◆ Exercise aim ◆
Print out the data exactly, keeping every image out of it.

◆ Exercise data ◆

# # # #

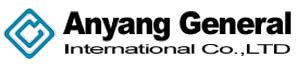 AGICO-Briquetting Machines Manufacturer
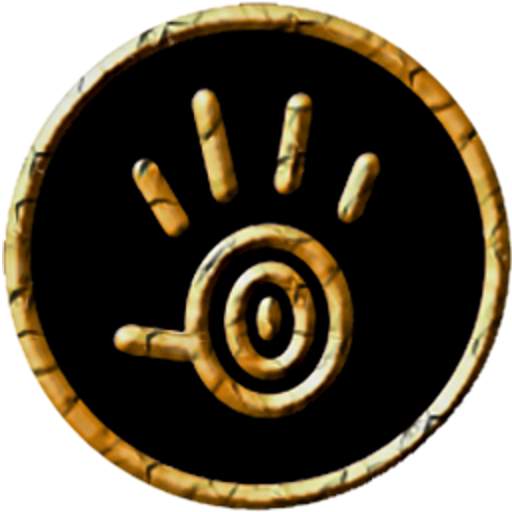 Populous Matchmaker 2.0.2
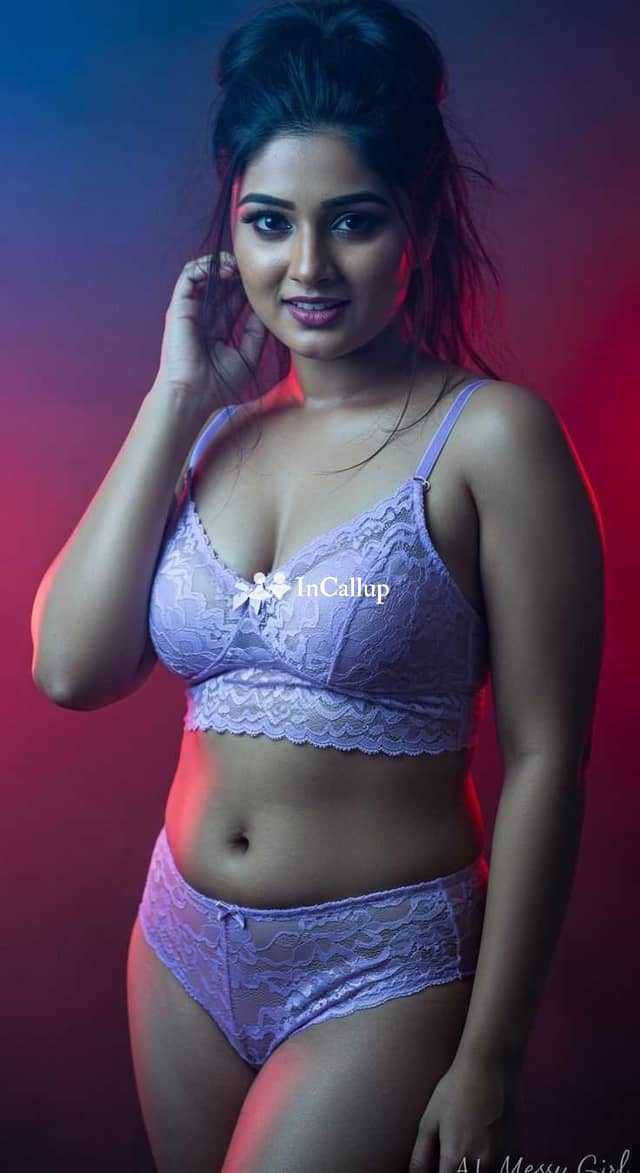 playful black body and brown hair known for being flirty luxury oral girlfriend experience porn actresses service - Call Girls in Mysore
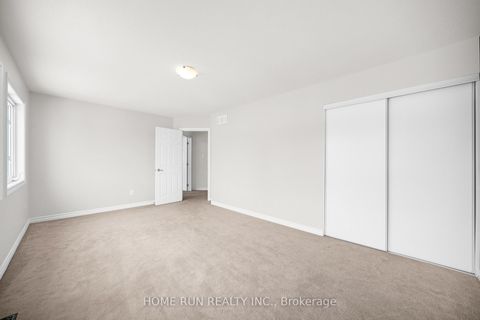 Photo 42 at 531 Bretby Crescent, Nepean (Cedargrove/Fraserdale), Ottawa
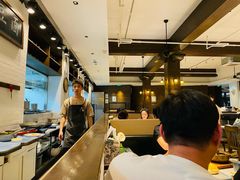 -荣小馆(临海世纪花城店)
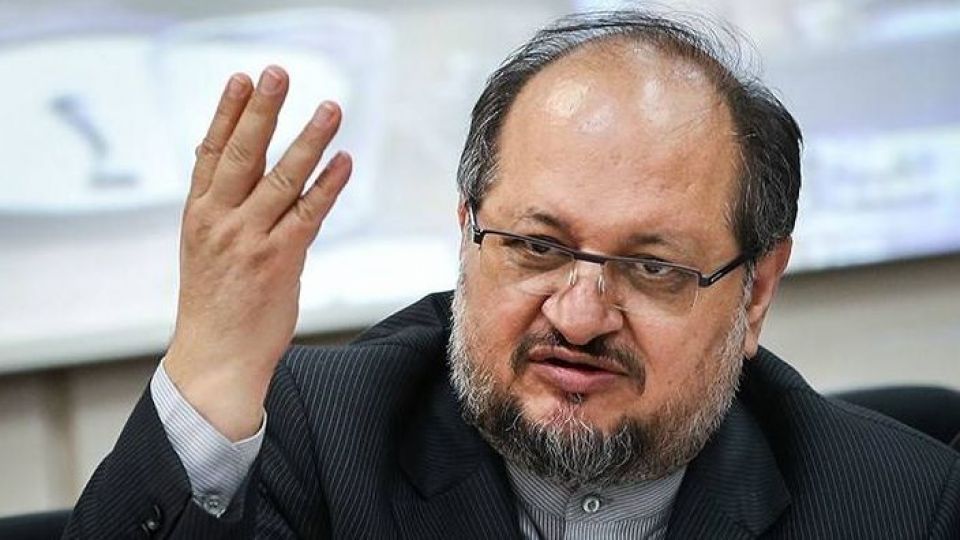 آخرین خبر از استیضاح شریعتمداری + دلایل استیضاح آخرین خبر از استیضاح شریعتمداری + دلایل استیضاح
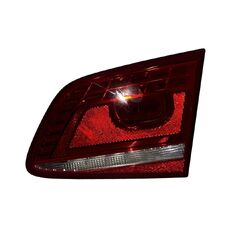 VW Passat B7 sedan r.v. 2013 pravé zadní vnitřní světlo LED 3AE945308D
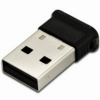 Digitus Mini Bluetooth V4.0 Class 2 EDR adaptér (DN-30210-1)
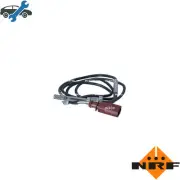 SENSOR EXHAUST GAS TEMPERATURE 707308 FOR AUDI CRCA/CLZB/CJGD/BUG/CASB 3.0L Q7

# # # #

◆ Solution to the problem ◆
 AGICO-Briquetting Machines Manufacturer
 Populous Matchmaker 2.0.2
 playful black body and brown hair known for being flirty luxury oral girlfriend experience porn actresses service - Call Girls in Mysore
 Photo 42 at 531 Bretby Crescent, Nepean (Cedargrove/Fraserdale), Ottawa
 -荣小馆(临海世纪花城店)
 آخرین خبر از استیضاح شریعتمداری + دلایل استیضاح آخرین خبر از استیضاح شریعتمداری + دلایل استیضاح
 VW Passat B7 sedan r.v. 2013 pravé zadní vnitřní světlo LED 3AE945308D
 Digitus Mini Bluetooth V4.0 Class 2 EDR adaptér (DN-30210-1)
 SENSOR EXHAUST GAS TEMPERATURE 707308 FOR AUDI CRCA/CLZB/CJGD/BUG/CASB 3.0L Q7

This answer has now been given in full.